SUPPLIED DATA:

* * * * * * *

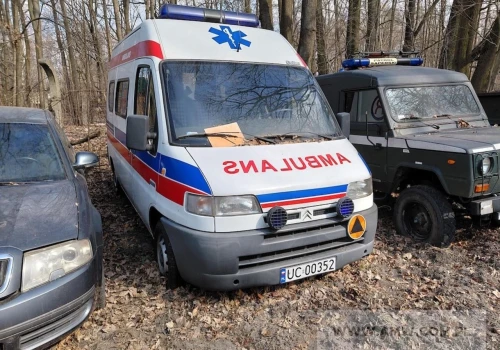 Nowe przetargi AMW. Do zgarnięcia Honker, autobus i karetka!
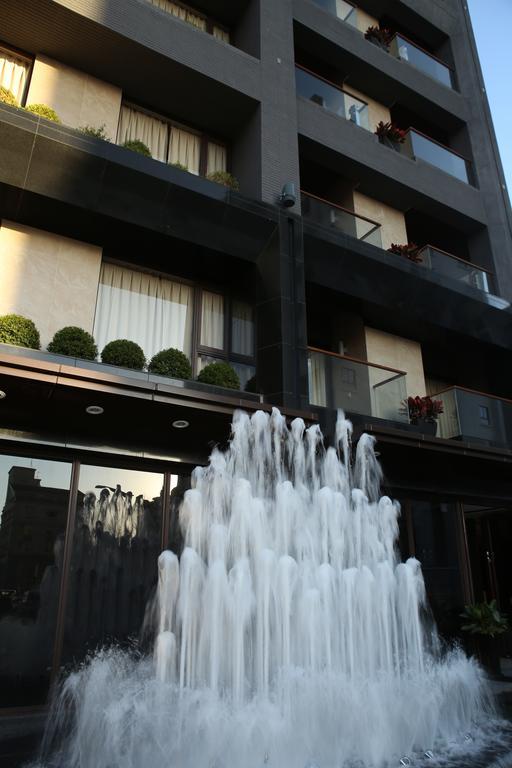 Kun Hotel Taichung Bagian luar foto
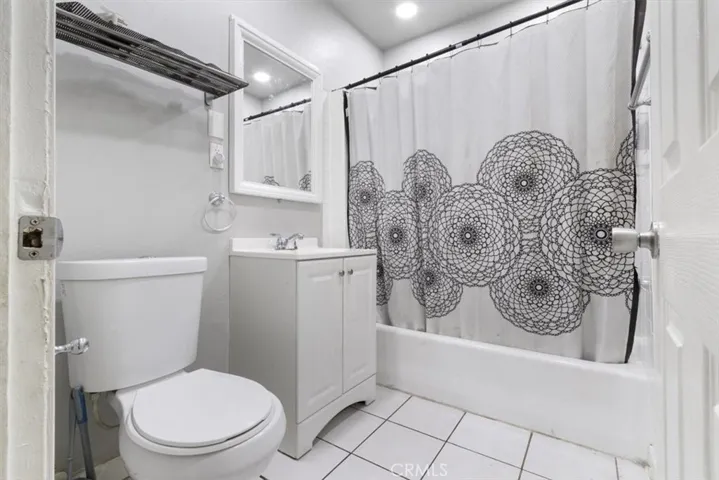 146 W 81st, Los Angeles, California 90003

* * * * * * *

BRIEF: Copy out the data verbatim, excluding the pictures.

RESPONSE AREA:
 Nowe przetargi AMW. Do zgarnięcia Honker, autobus i karetka!
 Kun Hotel Taichung Bagian luar foto
 146 W 81st, Los Angeles, California 90003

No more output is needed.